In essence, the article describes the current move away not just from dollars (in the form of foreign oil/gas exchanges), but also from a market system that the West relies on. China, India et al have gotten, or are getting so big that they can essentially negotiate long-term contracts with Russia and Middle Eastern states. This cuts down the amount of oil available to the Western markets (sending prices up yet further). Furthermore, the state control of fuel supply is mutually exclusive to the controlling interests of Western companies (which would otherwise help 'feed' the market), affecting not just the control of market supplies, but also access to exploratory ventures. Global peak-oil starts to look like a relatively sane nightmare compared to the multitude of factors that suddenly need to be considered in its place. (As always, the reality is humanity-driven...)
To quote from the article:
"The lucrative economic, financial, political and diplomatic package of enticements being offered to producers around the globe by China, India and the other economies of the East far outweigh what the US can offer - the US simply cannot compete."and:
"Russia, China, India and the rest of the world outside the West ... do not feel an integral part of the global system they see as greedily and inordinately dominated by the multinational oil companies of the West, with which their relations are growing ever more tense."
Something I didn't realise is that, while the Iranian Euro-backed Oil Bourse is possibly being cut, the Chinese have set up the Yuan-backed Shangahi Petroleum Exchange, and the Russians are planning a ruble-backed exchange too. Others are getting procedures in place to make it easy to switch away from the dollar:
"the fact that the West's oil majors have lost control of all but 9% or 10% of reserves means that state-controlled oil companies can reroute any amount of product they wish from the New York-London exchanges to any of the new exchanges. This will provide a more than sufficient supply to guarantee the success of the new exchanges, and the US can do nothing to stop it."
Western Governments are naturally in a bind, and a very immediate one at that. Exchanges are pretty much ready to go. Russia has taken control back. Peak-oil, if one goes with it, is a matter of several hundred years probably, but the realistic threat to our "modern" economies is one of decades, if not less.
This, I believe, is why Blair is tetchy about renewables and so "enamoured" by nuclear. There are a number of options, but the timescales involved serve to differentiate their likelihood (and attractiveness) enormously. The West does not have the possible growth of China and the East, so we have less bargaining tools available to step outside the market - indeed, the market is our bargaining tool, our lifeline to foreign energy.
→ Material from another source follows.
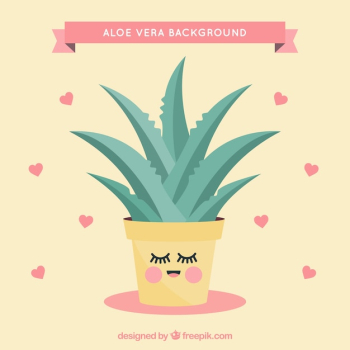 Lovely background of aloe vera flowerpot with hearts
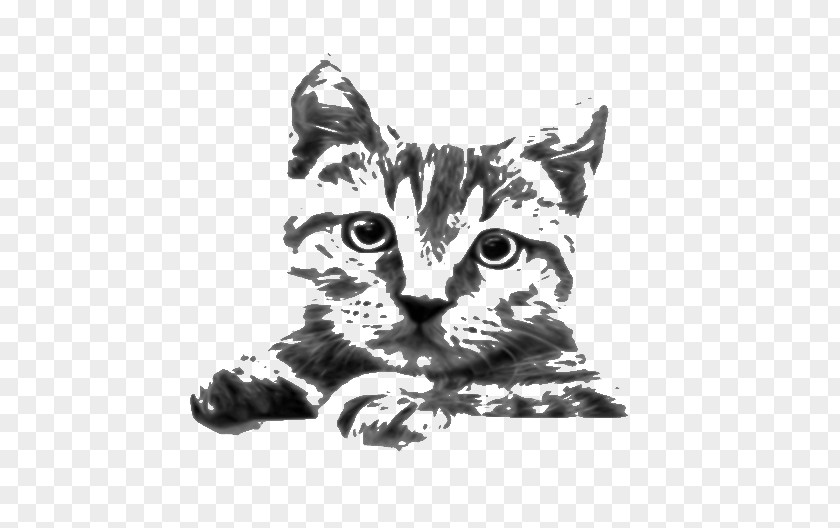 Sketch Siamese Cat Sphynx Kitten Drawing Clip Art PNG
The romantic option is to invest in renewables - adhere to the true definition of "energy supply security". But the shift in paradigm is too much in too short a time to focus al our efforts on it. Whether people like it or not, even a successful transition to decentralised, clean, local energy sources would involve a fundamental shift in the attitudes, lifestyles and culture of the masses. This they would adapt to, but probably not agree to (if the current level of eco-apathy is anything to go by) in advance. Renewables, then, should be a long-term investment strategy, but politicians are too busy being short-sighted for that. (If renewables are to make a difference, they must spring Napster-like from communities, from the ground up. But that induces issues of control in such a centralised, network-bound regime...)
So nuclear is the way forward, for two reasons. Firstly, it shifts is not away from the market paradigm, but merely the oil market paradigm. Markets are good when you have something to sell that nobody else does (competition amongst consumers = higher price), or when you need simply to be able to buy something (a la oil and gas currently). By controlling the supply of radioactive fuel (through the fortunate coincidence that it is "ambiguous", dual-purpose, and therefore subjectable to control mechanisms), the structure of the market that emerges can be swayed easily too. This brings us to the second reason - nuclear power reflects, and indeed accentuates the linkage between fuel and military control. Two for the price of one.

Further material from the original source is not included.